[[ RECORDED INFORMATION open ]]

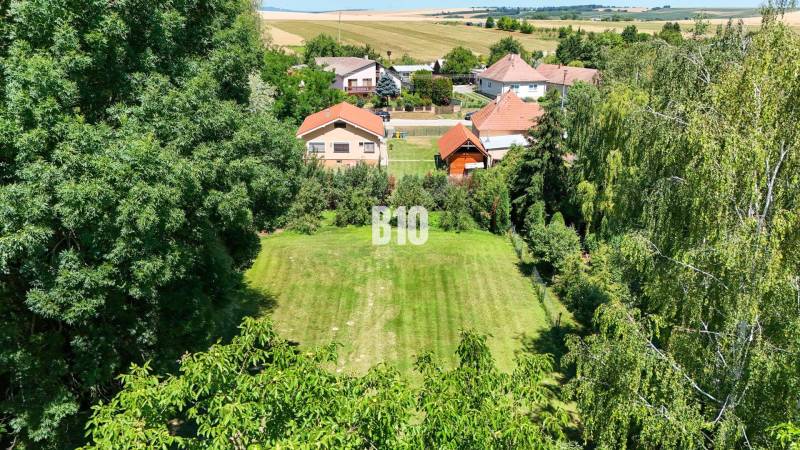 Kert zölddel és családi házakkal körülvéve Újszádon.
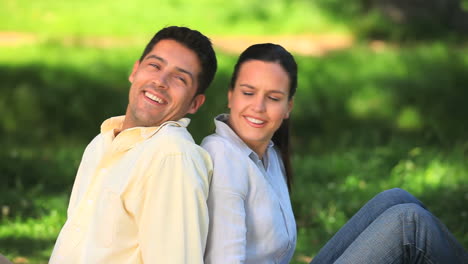 Attractive-couple-sitting-back-to-back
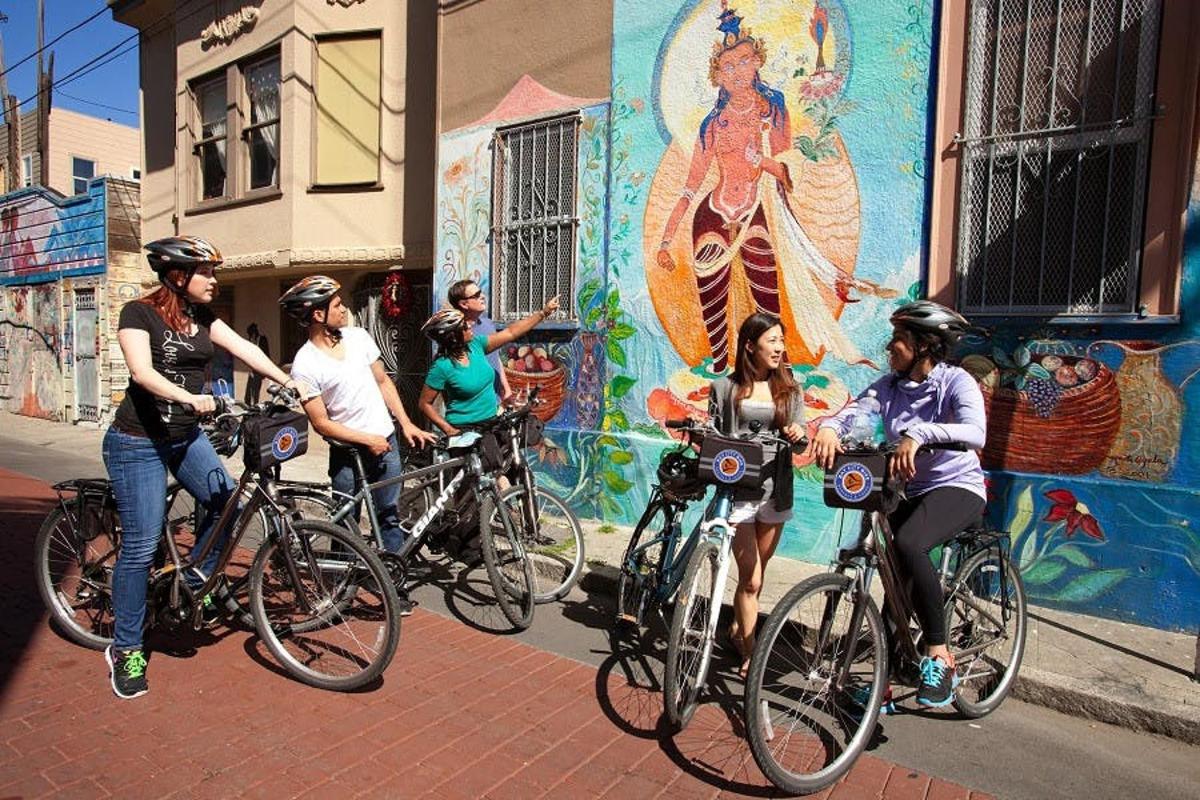 un gruppo di persone in bicicletta davanti a un murale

[[ RECORDED INFORMATION closed ]]

WHAT YOU SHOULD DO: With images left out, the data must be transcribed exactly.

TASK OUTPUT:
 Kert zölddel és családi házakkal körülvéve Újszádon.
 Attractive-couple-sitting-back-to-back
 un gruppo di persone in bicicletta davanti a un murale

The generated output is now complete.